The Riemann Mapping theorem is one of the most useful theorems in elementary complex analysis. From a planar topology viewpoint we know that there exists simply connected domains with complicated boundaries [1, 3, 5]. For such domains there are no obvious homeomorphisms between them. However the Riemann mapping theorem states that such simply connected domains are not only homeomorphic but also biholomorphic

Walsh [6] presented History of the Riemann Mapping Theorem, as an outline of how proofs of the Riemann Mapping theorem have evolved over time. A very important theorem in Complex Analysis, Riemann’s mapping theorem was first stated, with an incorrect proof, by Bernhard Riemann in his inaugural dissertation in 1851. Since the publication of this “proof” various objections have been made which all in all lead to this proof being labeled as incorrect. While Riemann’s proof is incorrect it did provide the general guidelines, via the Dirichlet Principle and Green’s function, which would prove vital in future proofs.

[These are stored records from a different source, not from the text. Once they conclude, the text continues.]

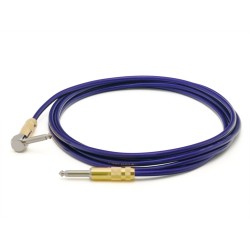 Oyaide Neo Gsp-5 Cable Ls/7M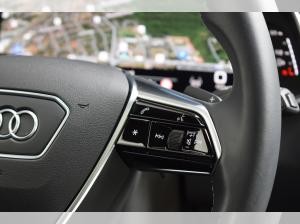 Audi A6 Avant 40 TDI quat./S-tr. *S-line*Pano*Matrix*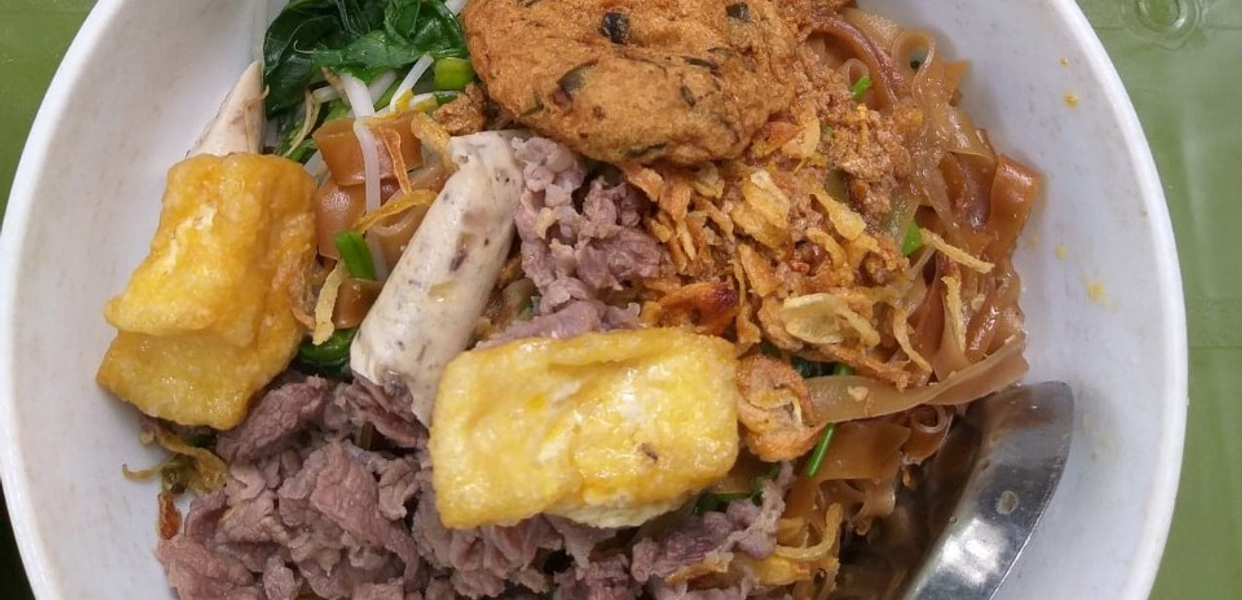 banh-a-cua-hai-phong-nguyen-khanh-toan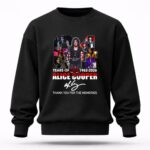 Alice Cooper 1962 2026 Thank You For The Memories 3 Sweatshirt.jpg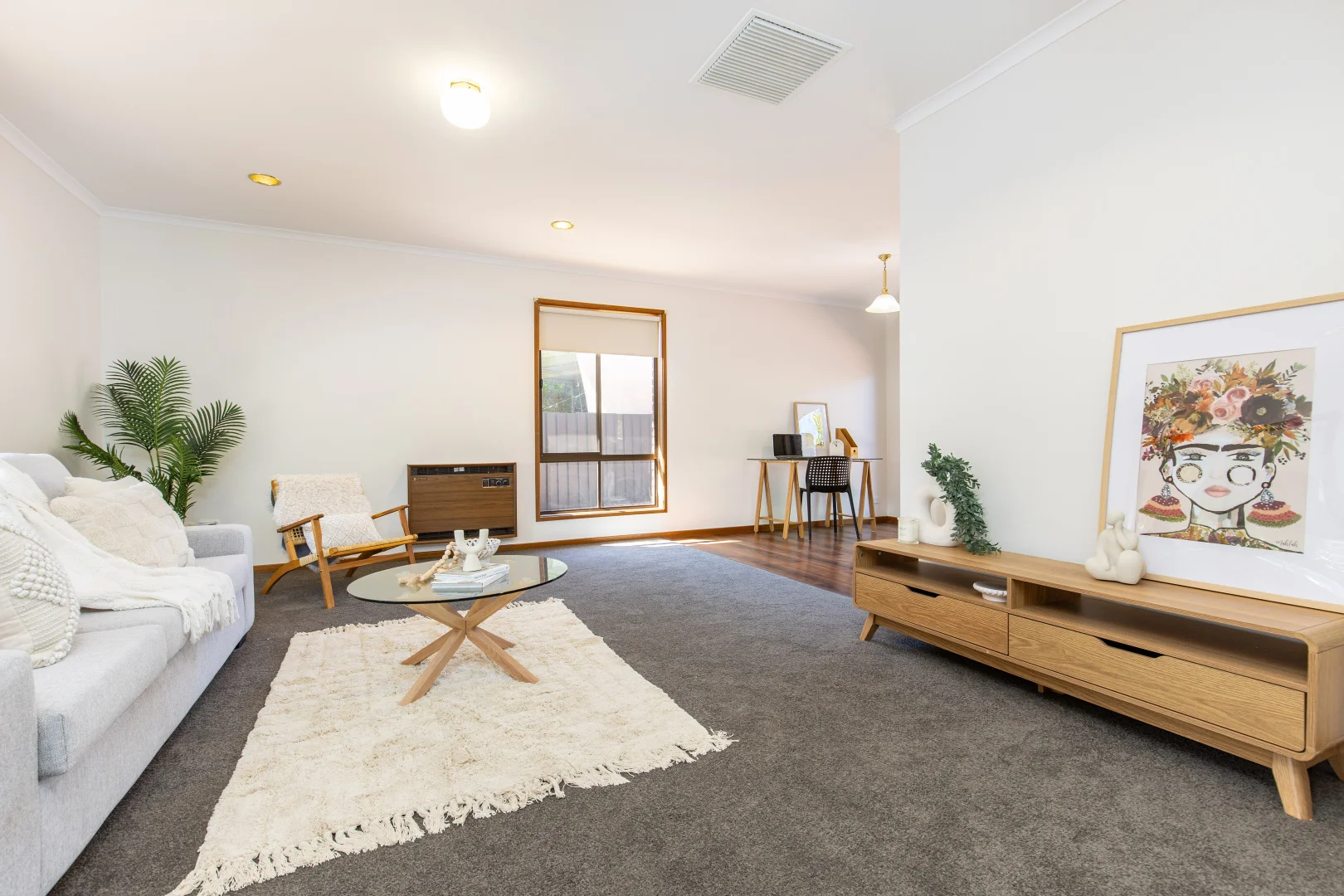 Additional image 7 of 4 McEdward Court, Mildura VIC 3500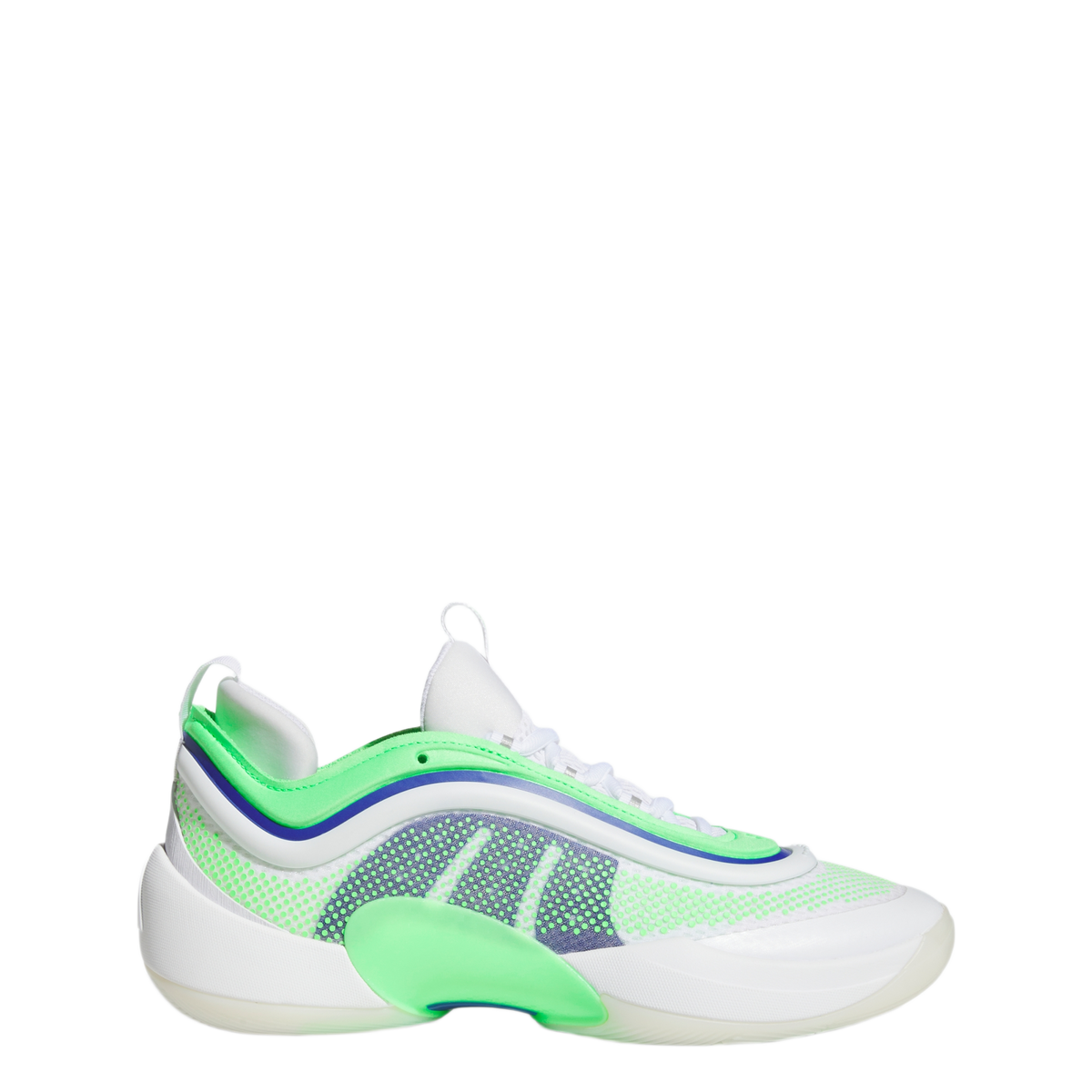 adidas D.O.N. Issue #6 Metamorphosis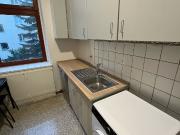 Spacious, quiet home in Grunewald, Berlin, Berlin...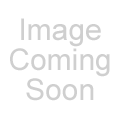 Davey & Company Lacing Hooks and Eyes - Low Profile
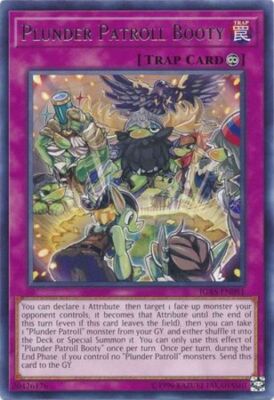 booty pic yugioh card Springans [1st Edition] LIOV-EN054 Prices | Lightning Overdrive FREE BOOTY Pic One free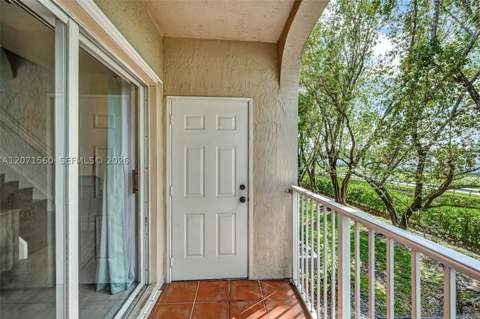 5670 NW 116th Ave 222, Doral FL - photo 15 of 47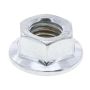 MEVOTECH CMS101632 Suspension Control Arm and Ball Joint Assembly
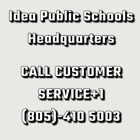 Idea Public Schools Headquarters
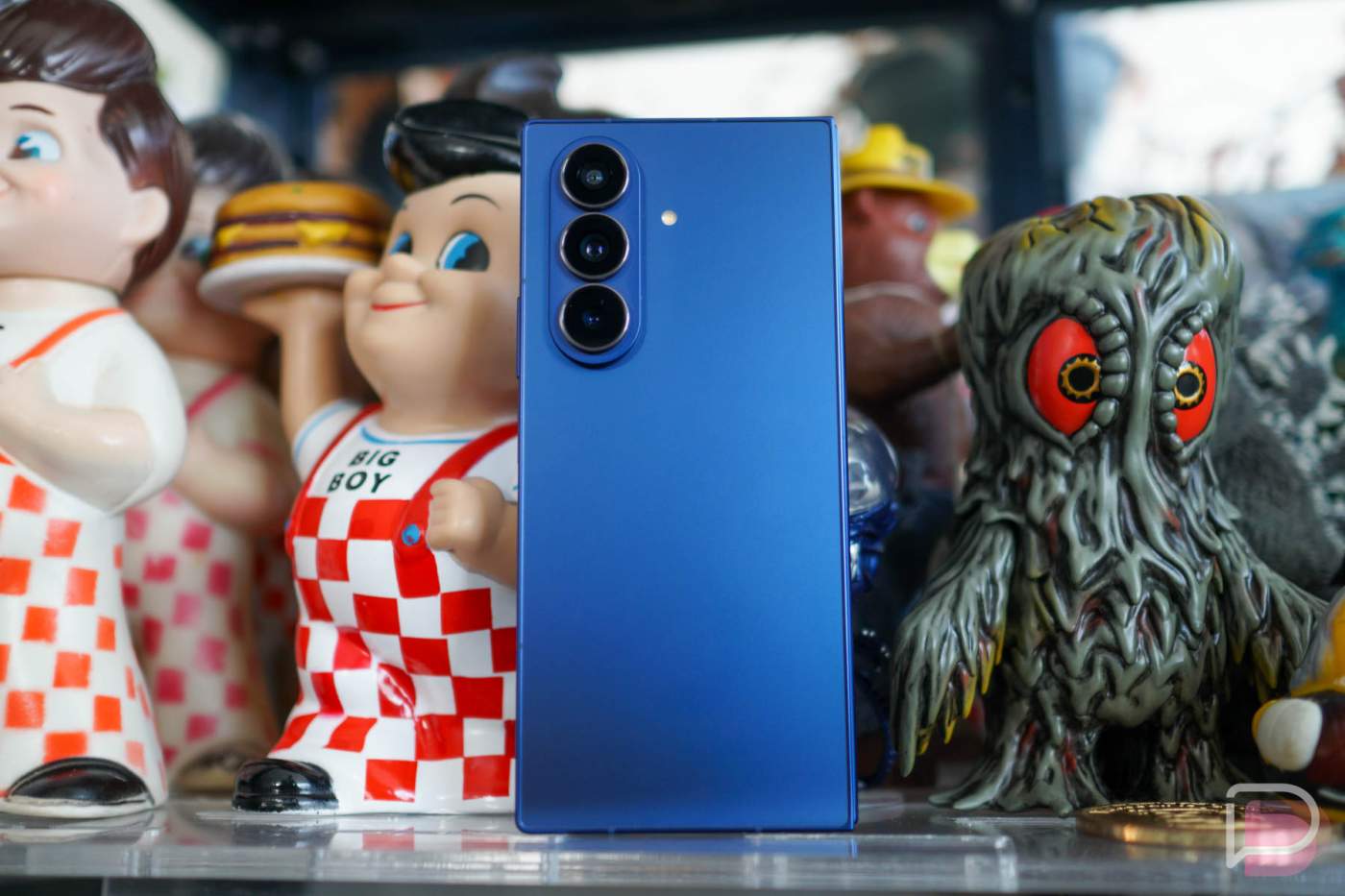 Samsung Takes $1000 Off Galaxy Z Fold 7, Provides Free Storage Upgrade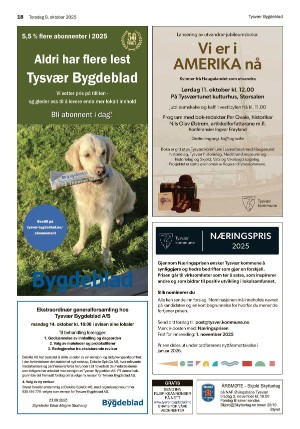 tysvarbygdeblad-20251009_000_00_00_018.pdf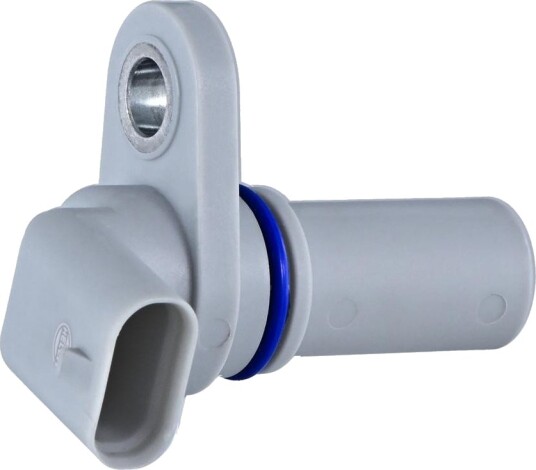 Impulsgiver, veivaksel HELLA 6PU 009 168-901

It would not be until 1900 that the American mathematician Osgood produced a valid proof of the theorem. Osgood’s proof utilized the original ideas of Riemann but was made more difficult than today’s methods of proof as he did not possess Perron’s method of solving the Dirichlet problem [4]. Rather he used approximations from the interior of a simply connected region and took limits of the piecewise linear case of the Dirichlet problem which had been solved by Schwarz years earlier. Although this is considered the first correct proof, Osgood did not receive recognition for his achievement with many mathematicians such as Koebe receiving more recognition for giving a proof years later. As a consequence of many years of study many other successful proofs have been presented over the years using various methods. Such being the proof by Hilbert using the Calculus of Variations and the proof by F. Riesz and L. Fejer using Montel’s theory of normal families of functions.